Troubleshooting Guide

This guide helps you diagnose and resolve common issues with SF-Bench evaluations.

Patch Application Errors

“unexpected end of file in patch”

Symptom: Patch application fails with “unexpected end of file in patch” or “corrupt patch at line X”

Root Cause: The AI model generated a truncated or incomplete patch. The patch is cut off mid-hunk, missing required context lines.

Tool Behavior:

SF-Bench automatically detects and attempts to repair incomplete patches
All 4 patch application strategies are attempted (strict, reject, 3-way, fuzzy)
If all strategies fail, this indicates the patch structure is fundamentally invalid

This is NOT a tool issue - the benchmark correctly identified that the AI model generated an invalid patch.

Resolution:

This is expected behavior when AI models generate incomplete patches
The evaluation will mark the task as ERROR with a clear error message
No action needed - this is a model limitation, not a tool bug

“malformed patch at line X”

Symptom: Patch application fails with “malformed patch at line X”

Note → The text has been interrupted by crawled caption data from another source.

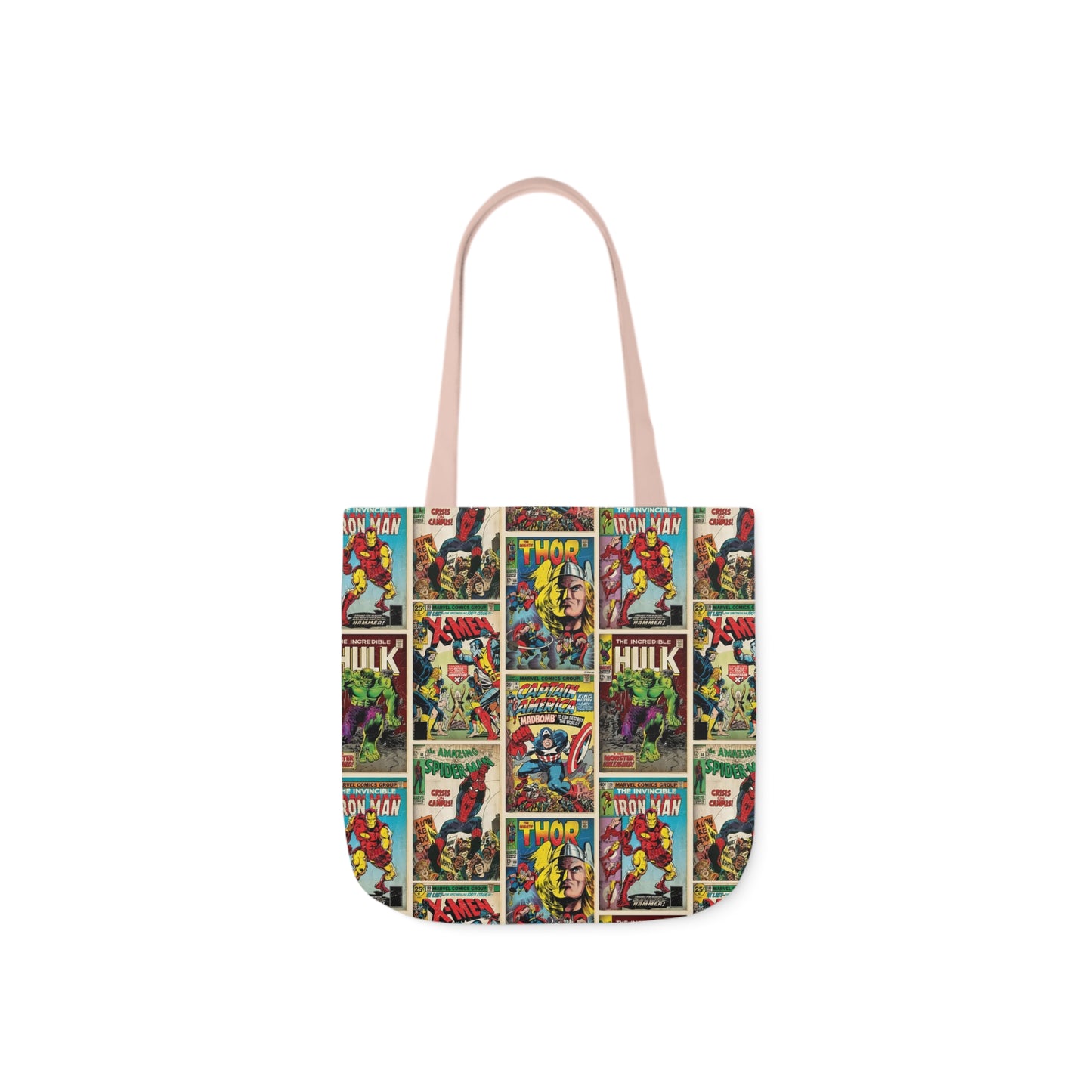 Marvel Comic Book Cover Collage Polyester Canvas Tote Bag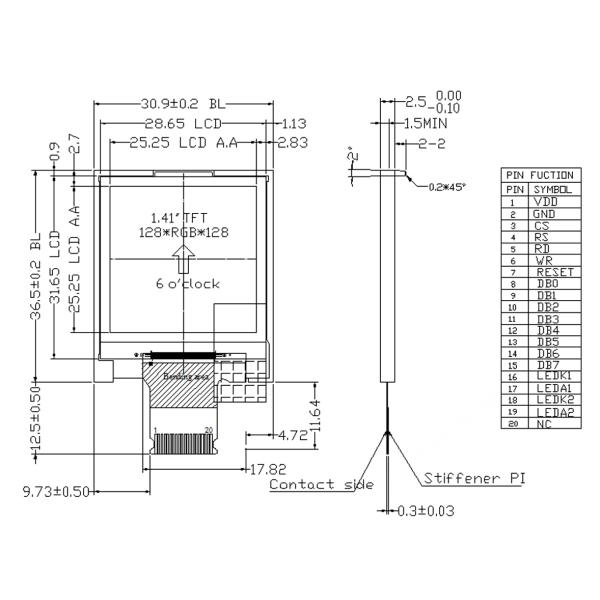 1.4 дюймовый модуль TFT LCD, разрешение 128X128, интерфейс MCU 8 бит
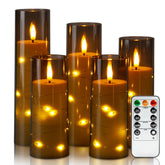 Homemory flameless candle with star string lights for warm ambiance.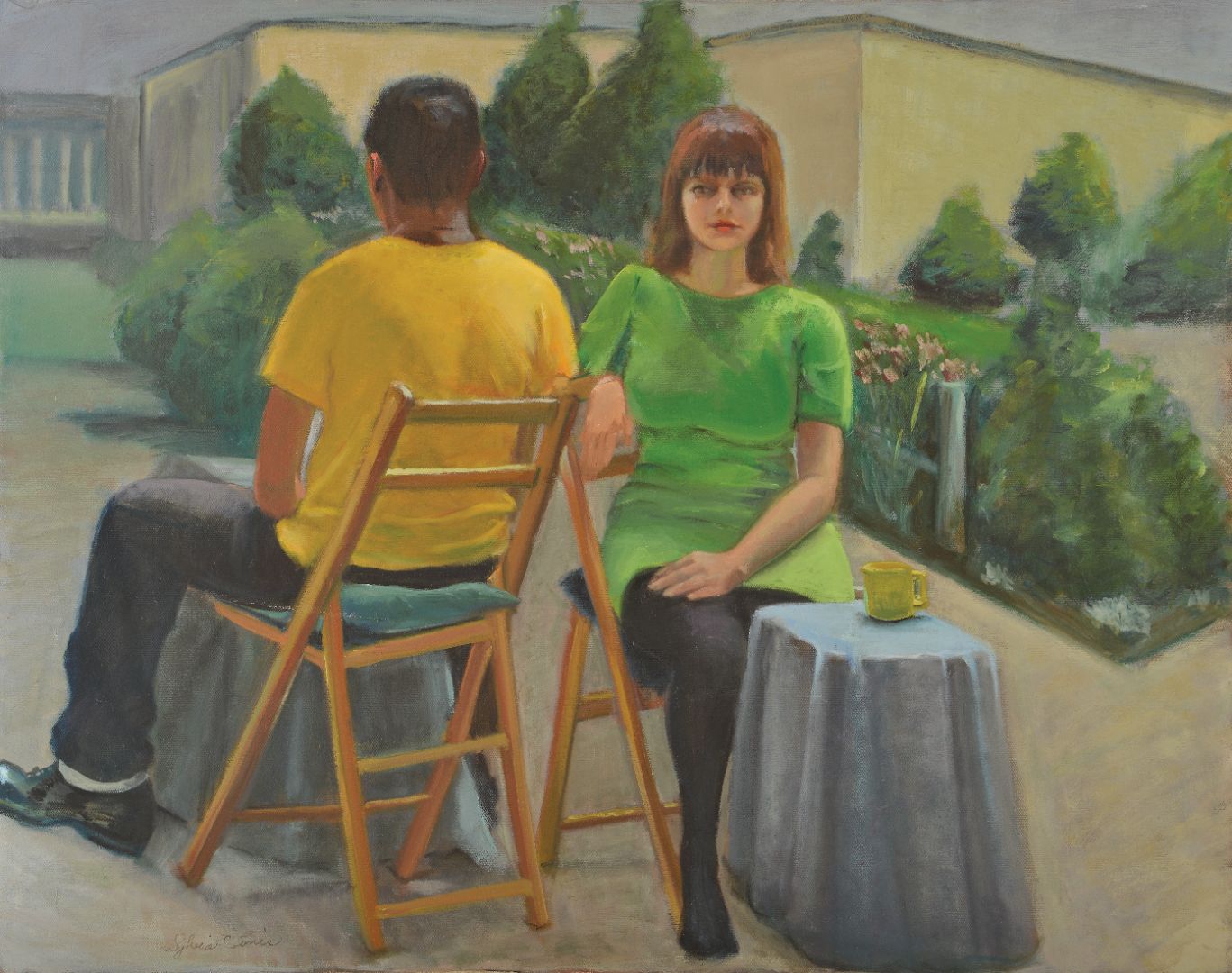 Friends Having Coffee, Oil Painting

Root Cause: The AI model generated a patch with invalid diff syntax (e.g., standalone + or - lines, missing context, invalid hunk headers).

Tool Behavior:

SF-Bench automatically cleans common malformations (markdown fences, empty lines, etc.)
Multiple fallback strategies are attempted
If all strategies fail, the patch is fundamentally invalid

This is NOT a tool issue - the benchmark correctly identified invalid patch syntax.

Resolution:

This is expected when AI models generate syntactically invalid patches
The evaluation will mark the task as ERROR
No action needed - this indicates the AI model needs improvement

Scratch Org Creation Errors

“Package ID AC - Collections” or “ancestorVersion HIGHEST can’t be found”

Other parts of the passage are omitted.